La otra crisis: los frutos del perdón

            Durante estos días nos hemos acordado de todas aquellas personas que dieron su vida por no renegar de su fe, víctimas de la persecución religiosa que tuvo lugar en España en la década de los años treinta del pasado siglo.

            Aquí en mi pueblo, entre otros asesinatos, sufrieron el martirio una mujer y sus cuatro hijas, todas ellas monjas. Su hijo sacerdote se libró de la muerte porque se encontraba en esos momentos de misionero en país sudamericano. Un muchacho de catorce años fue testigo, asomado a la calle desde una terraza, de cómo un grupo de hombres sacaba de su casa a esta mujer y a sus cuatro hijas. Una vez las sacaron fuera del pueblo y sin más, las condenaron a muerte.
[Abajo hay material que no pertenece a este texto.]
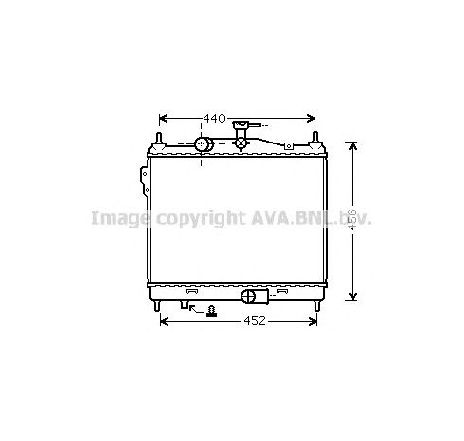 Radiator, racire motor PRASCO HY2205</br>Piesa auto pentru Radiator racire apa/ ulei Radiator, racire motor PRASCO HY2205</br>Piesa auto pentru Radiator racire apa/ ulei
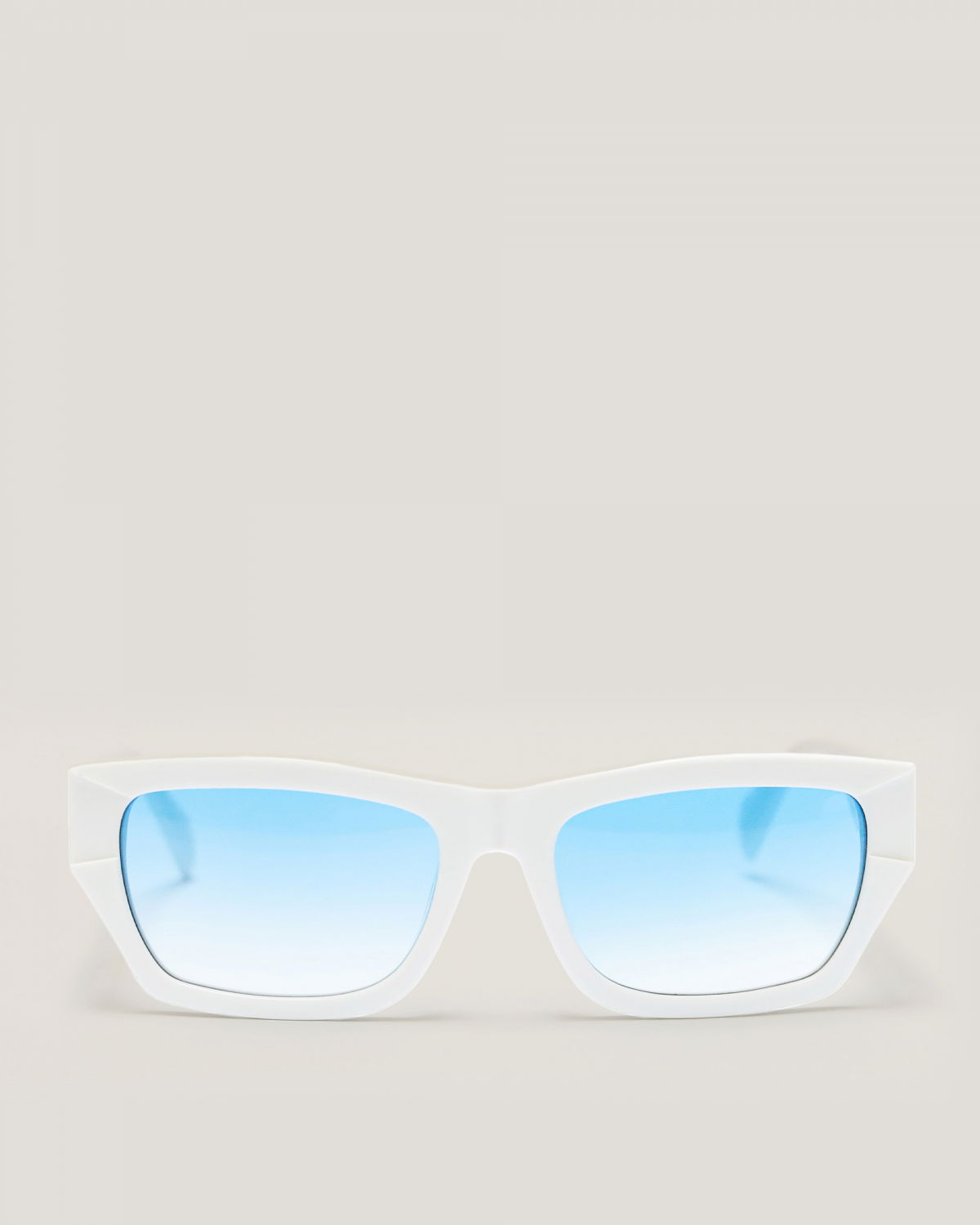 White with blue lenses sunglasses | Sunglasses, Accessories, Ricercabili, Mykonos Capsule Collection, Accessories | Genny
La madre fue la última en morir y le tocó ser testigo del vil asesinato, una tras otra, de sus cuatro hijas.

            Terminó la terrible Guerra Civil y cambiaron las tornas. Los que perseguían y asesinaban pasaron a ser acorralados y ajusticiados. Uno de aquellos hombres que fue partícipe de la detención y asesinato de aquellas cinco mujeres, fue recibido a diario en la casa de aquel muchacho. Y es que su madre había decidido que, por caridad cristiana, no iba a permitir que aquel hombre muriera de hambre.

            Años más tarde, ese muchacho, testigo del amor sin medida que se respiraba en su hogar, ingresaría en el seminario y se ordenaría sacerdote.